Liberia Closes Border with Ivory Coast over Fears of Renewed Violence
Liberia has closed its border with Ivory Coast, amid fear of renewed violence after seven peacekeepers were killed in an ambush last week.
Liberia sealed its border with the neighbouring country following a fatal attack on UN peacekeepers.
The seven Nigerian peacekeepers were killed in the attack on 8 June, along with eight civilians and a soldier.
Officials from the UN and the Ivorian government blamed gunmen who used Liberia to stage the cross-border attack.
"These people came from the other side of the border. They are militias and mercenaries," Ivory Coast deputy defence minister Paul Koffi said.
Koffi insisted the attack showed the need for Ivorian troops to carry out cross-border operations in Liberia.
"We must go to the other side of the border to establish a security zone. We will clean up and secure the zone.
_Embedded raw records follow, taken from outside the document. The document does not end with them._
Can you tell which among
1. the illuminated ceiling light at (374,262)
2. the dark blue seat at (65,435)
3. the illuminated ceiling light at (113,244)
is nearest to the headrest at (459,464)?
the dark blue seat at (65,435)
This will be done, of course, with the agreement of the two countries," he added.
However, Liberian information minister Lewis Browne said the country had decided to close its border while an investigation into the attack takes place.
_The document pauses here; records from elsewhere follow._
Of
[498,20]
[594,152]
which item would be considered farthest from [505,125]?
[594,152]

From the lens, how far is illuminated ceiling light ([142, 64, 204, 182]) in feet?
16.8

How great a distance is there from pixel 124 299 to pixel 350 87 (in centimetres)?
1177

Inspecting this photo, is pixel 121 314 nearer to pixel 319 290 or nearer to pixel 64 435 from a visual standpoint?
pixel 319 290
"The first measure will be the immediate closure of the Liberian side of the border," he said in Monrovia.
Liberian defence minister Brownie Samukai said they were no plans to allow Ivorian troops inside the country.
President Ellen Johnson Sirleaf ordered the immediate deployment of Liberian troops along the border, Samukai added.
The UN also said it is relocating some of its troops in the region to the border area to protect civilians.
Ivory Coast and Liberia have generally enjoyed good relations and have in the past carried out joint operations with UN peacekeepers along their borders.
Rising tensions have since been experienced between the two countries.
Ivorian president Alassane Ouattara won the 2010 presidential elections, but only took power following months of violence between his supporters and those loyal to the previous incumbent, Laurent Gbagbo.
Thousands were killed as the country plunged into civil war.
Human Rights Watch said mercenaries from Liberia and pro-Gbago loyalists who fled Ivory Coast were responsible for a series of cross-border attacks on civilians.
The mercenaries also target children to use them as child soldiers, the rights watchdog said, adding the Liberian government had failed to prosecute most of them.